But if this is wonderful, what shall we think of the achievements of this same “electricity” and “magnetism” in revealing facts of the second class—facts which the questioner himself did not and does not now know were in his mind, but only supposes they must have been? Think of a diffused element of nature, which, from the dawn of creation had been blind and dead, and only passively obedient to certain laws of equilibrium, suddenly assuming intelligence and volition, burrowing into a man’s brains, rummaging among ten thousand thoughts, emotions, and experiences stored up in the archives of his memory, and finally coming to the mere fossil of a (supposed) experience from which the last vestige of memory-life had departed, and seizing this incident, it moves the little board with an intelligent volition, and lo, the fact stands revealed.
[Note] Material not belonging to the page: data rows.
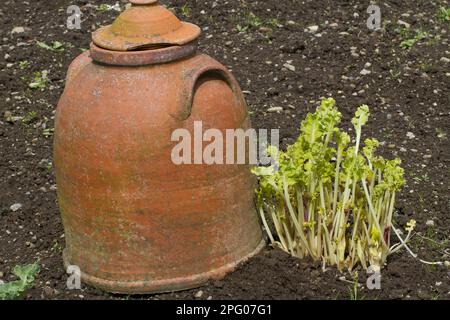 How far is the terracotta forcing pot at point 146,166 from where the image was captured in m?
3.70

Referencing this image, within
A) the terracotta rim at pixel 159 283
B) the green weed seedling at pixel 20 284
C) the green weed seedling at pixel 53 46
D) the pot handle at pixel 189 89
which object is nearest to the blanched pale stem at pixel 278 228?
the terracotta rim at pixel 159 283

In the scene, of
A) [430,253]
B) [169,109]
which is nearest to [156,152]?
[169,109]

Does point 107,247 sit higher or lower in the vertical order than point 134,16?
lower

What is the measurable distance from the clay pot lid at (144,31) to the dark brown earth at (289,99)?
1071 millimetres

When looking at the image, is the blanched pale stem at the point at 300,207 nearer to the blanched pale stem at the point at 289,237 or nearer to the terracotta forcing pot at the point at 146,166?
the blanched pale stem at the point at 289,237

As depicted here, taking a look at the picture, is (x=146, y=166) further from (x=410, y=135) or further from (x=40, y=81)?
(x=40, y=81)

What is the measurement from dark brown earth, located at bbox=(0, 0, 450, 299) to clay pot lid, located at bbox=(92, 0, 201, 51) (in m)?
1.07

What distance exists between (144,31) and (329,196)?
1.10 metres

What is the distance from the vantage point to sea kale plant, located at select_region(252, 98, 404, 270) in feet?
12.7

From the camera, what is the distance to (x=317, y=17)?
6984 mm

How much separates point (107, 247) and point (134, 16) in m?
1.00

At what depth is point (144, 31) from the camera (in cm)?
379

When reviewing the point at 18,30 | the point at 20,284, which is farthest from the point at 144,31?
the point at 18,30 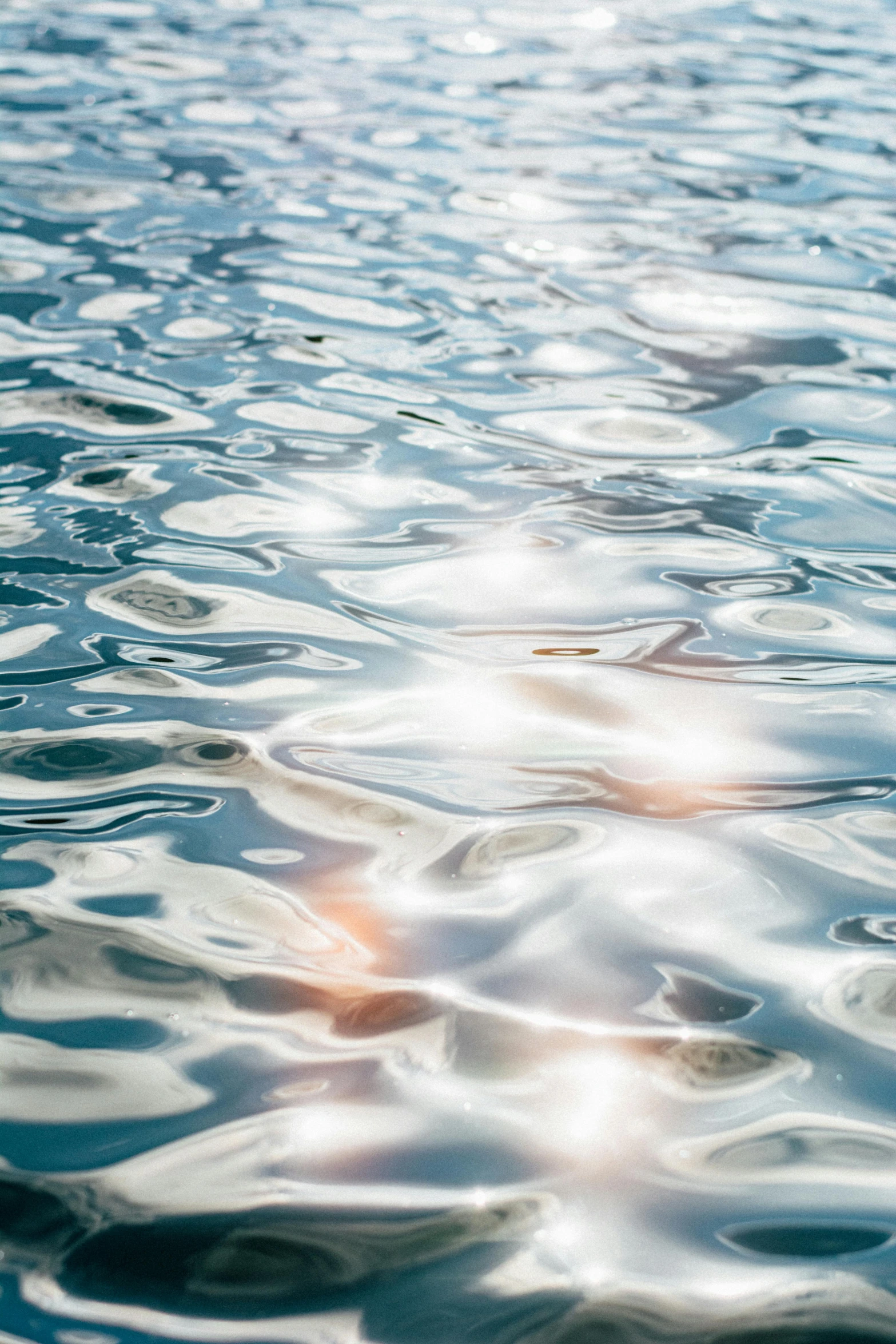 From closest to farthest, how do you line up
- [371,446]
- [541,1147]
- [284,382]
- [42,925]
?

And again, what of that spicy colloquy in which Planchette writes the words “devil,” “devil’s brother,” “stir fires,” “broil you,” etc.? Oh, Mr. H. tells us, “That was owing to the irritation of the mediums, their horror and fright, their superstition, and their repugnance to the questions that were being asked.” Curious, is it not? to see “electricity” seizing hold of this irritation, that horror, the other fright, and such and such a superstition, repugnance, and disgust, and, carefully arranging these mental emotions, building them up by a mysterious mason-work into a distinctly defined and sharply pronounced individuality, with a peculiar moral and intellectual character of its own, differing more from each and all of the parties present in the flesh than any one of the latter differed from another! And this individuality, too, putting forth a volition which was not their volition, moving the Planchette which they did not move, making and arranging letters which they did not make and arrange, writing intelligent words and sentences which they did not write, and then causing this creation to assume the name and character of a regularly built “devil”—a character which appears to have been so far from these young persons’ minds that they were unwilling to look it in the face, and were sorely afraid of it! Surely, if “electricity” can do all this, then “electricity” itself is the “devil,” and the less mankind have to do with it the better.